### PROBLEM DESCRIPTION
Below are some records. Retype exactly the lines from the one containing "Trophy illustration vector" through the one containing "a cup of coffee", both included, skipping every picture.

### DATA PROVIDED
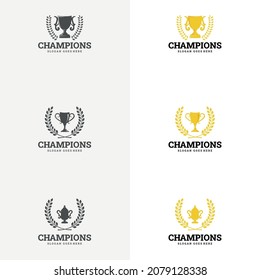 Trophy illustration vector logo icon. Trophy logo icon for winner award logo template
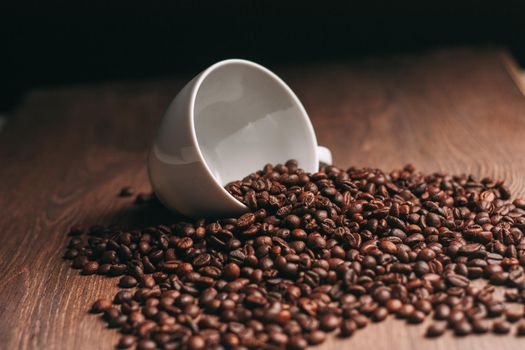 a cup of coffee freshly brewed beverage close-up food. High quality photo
==
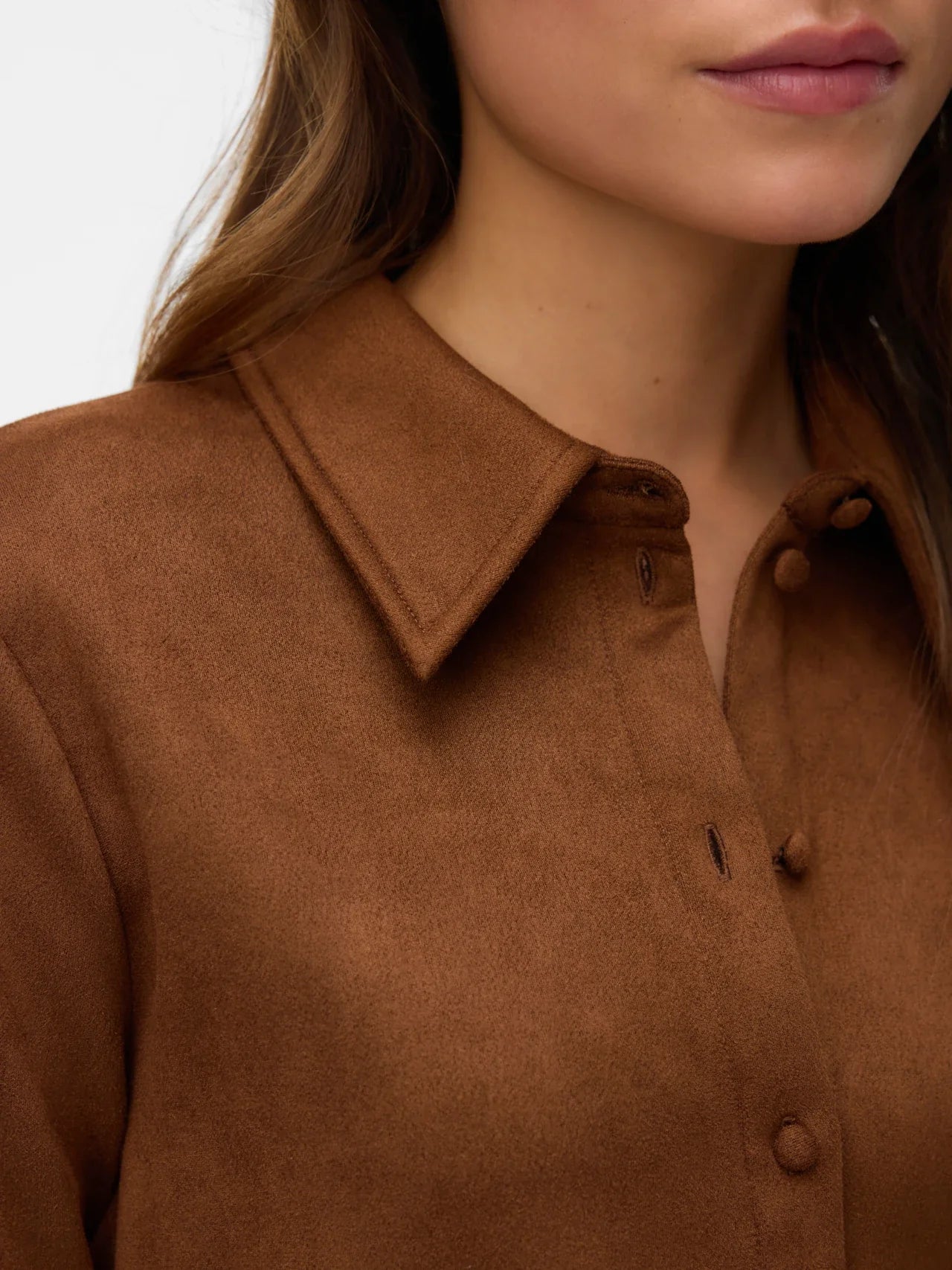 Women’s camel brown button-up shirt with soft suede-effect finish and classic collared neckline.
--
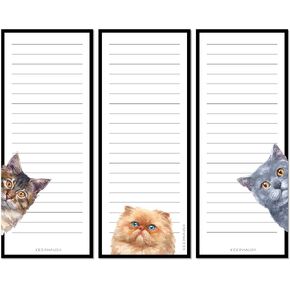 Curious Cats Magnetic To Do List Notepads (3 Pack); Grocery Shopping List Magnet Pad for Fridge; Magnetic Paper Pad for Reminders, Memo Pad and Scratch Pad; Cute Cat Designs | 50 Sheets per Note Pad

### ANSWER SPACE
 Trophy illustration vector logo icon. Trophy logo icon for winner award logo template
 a cup of coffee freshly brewed beverage close-up food. High quality photo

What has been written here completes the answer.